Technology plays a big role in an organisation’s scaling efforts, especially if it is a non-profit organisation, like ours. Taking that into consideration we have begun using technology in almost all aspects of our work. We are keen about taking assessments of our tests on the digital platform. Using digital devices for assessments of our English Literacy Program-related tests would help us to give feedback to the teachers and partner organisations quickly. Thereby, enabling them to take decisions more effectively and also helping us to reach and cater to more students through their teachers and other partnering organisations.
While still, it is in the nascent stage, the very fact that digital assessments seem distinctly a workable possibility excites us. We have begun experimenting with EkStep, a non-profit set up to provide learning opportunities to children. EkStep deals with end users as well as content creators. Their platform, Genie, allows for the development of gamified apps which has been used by us to develop a digital form of our test, wherein the child can take the test themselves or the teachers can input the marks of their students’ paper-pencil test, on the app.

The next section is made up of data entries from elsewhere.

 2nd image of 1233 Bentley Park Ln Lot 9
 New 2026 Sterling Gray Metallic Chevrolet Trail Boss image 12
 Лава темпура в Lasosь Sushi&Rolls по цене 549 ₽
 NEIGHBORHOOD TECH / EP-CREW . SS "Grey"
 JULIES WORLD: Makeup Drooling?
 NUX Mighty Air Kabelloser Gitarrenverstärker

Geared up with our mobile phones & tablets, we headed to Keshav Gore Smarak Trust in Goregaon West, Mumbai, where these experimental tests were conducted on 55 students on 27th of March, 2017. These 9th & 10th Graders attend an after-school program with the trust that facilitates learning of school syllabus as well as skill development.

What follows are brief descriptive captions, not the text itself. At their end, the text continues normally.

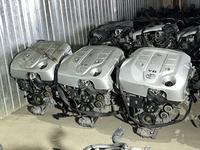 3mz fe 2wd контрактный двигатель, 2az, 1mz 2gr 4gr 3gr is250 gs300 ЯПОНИЯүшін400 000 тг. в Костанай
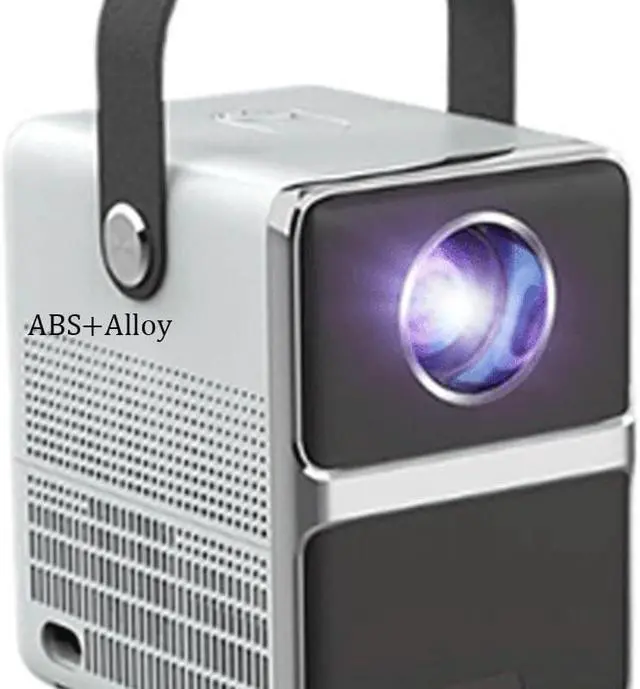 Alt view image 7 of 7 - High Definition Portable Open Frame V2 Projector for Home Bedrooms Dormitories Theaters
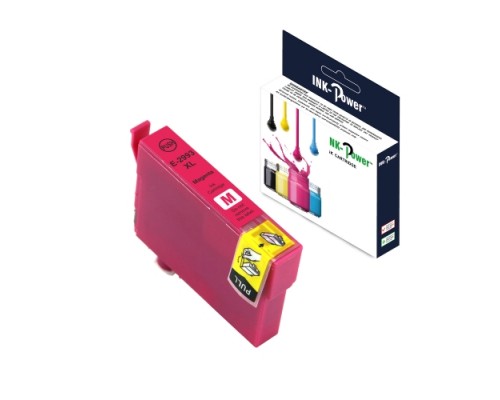 CARTUCHO COMP. EPSON E-2993/T2983 (29XL) MAGENTA 13ml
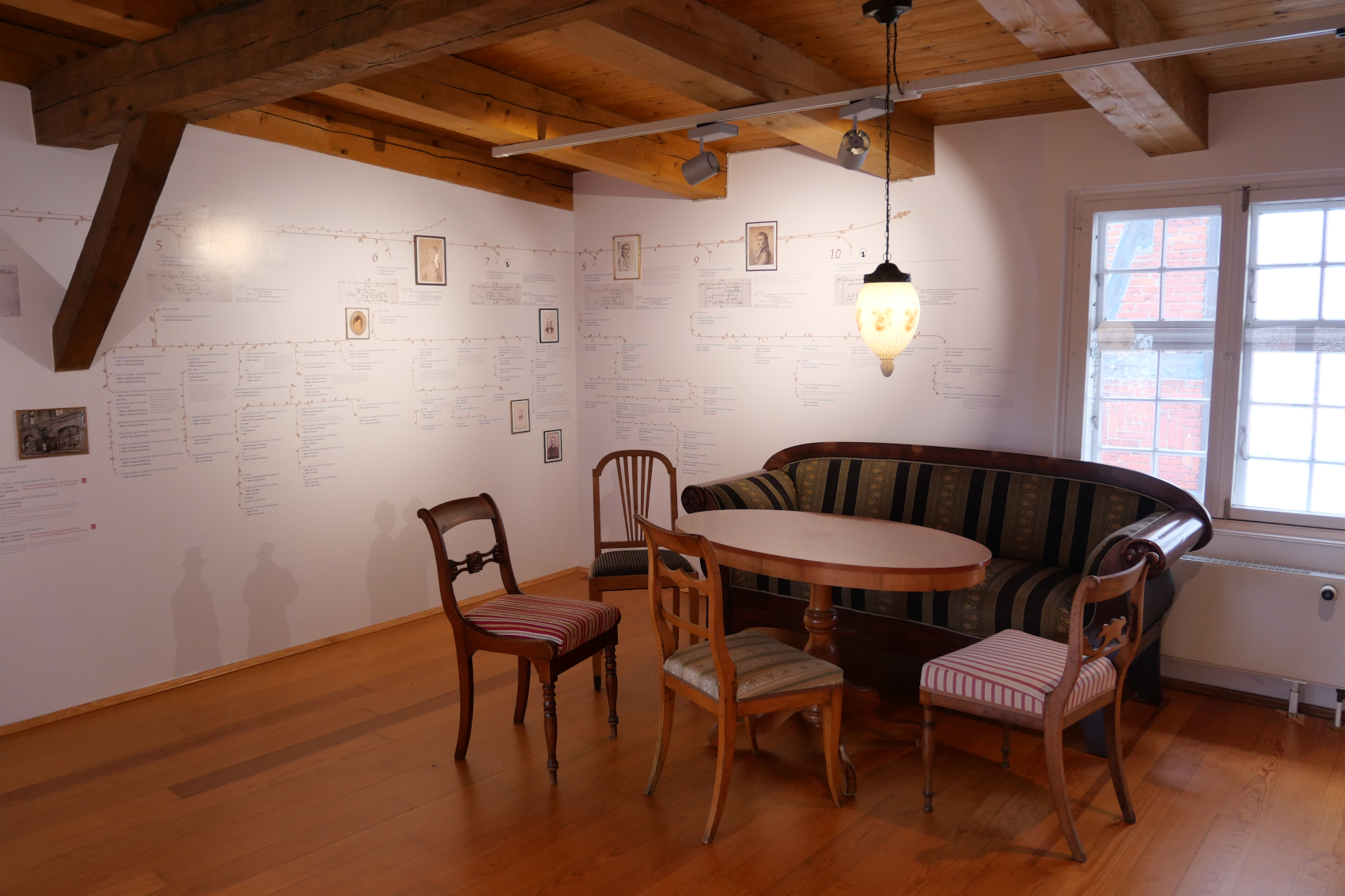 Führung durch das Caspar-David-Friedrich-Zentrum: Kulturportal MV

In the 1st experiment was a student-centric test wherein 24 students took the tests themselves on the devices. Our general observation was that the students were more relaxed and confident while taking this test. They got the hang of the application pretty quickly and with very little explanation required from our end. They started solving the test on the application and before long they had completed the test, most of which was without assistance from our end. Once over, some of them eagerly wanted to know how they had scored. Some wanted to engage with this app and were wanting to know how they could download the app on their phones.
The 2nd experiment had the teacher at its center, wherein 31 students answered orally and the teacher fed their marks into the device. The first observation on conducting this method of testing was that it was a quicker version of administering the test than the first experiment. Also that it was easier to select the correct data from the method we chose to create the templates. The key fear was that there was a possibility of the teacher forgetting to change the student profile when students are sharing devices and this would create data issues.
Overall, our feeling is that if the few small niggles could be ironed out then this app could be used in conducting Digital Mapping tests across various channels for English Literacy Program.
With newer learning, our next trial of these experiments is being conducted with 750 students from 13 Ashram Schools in Nashik and on Teacher Entrepreneurs during this summer vacation.
The advent of technology has made the Mapping Test easy and interesting to conduct on the digital platform. And the successful conduct of these experiments has increased our expectations and hopes that more tests and content will find its way to the digital side. The leap from non-digital to digital is clear and awaited.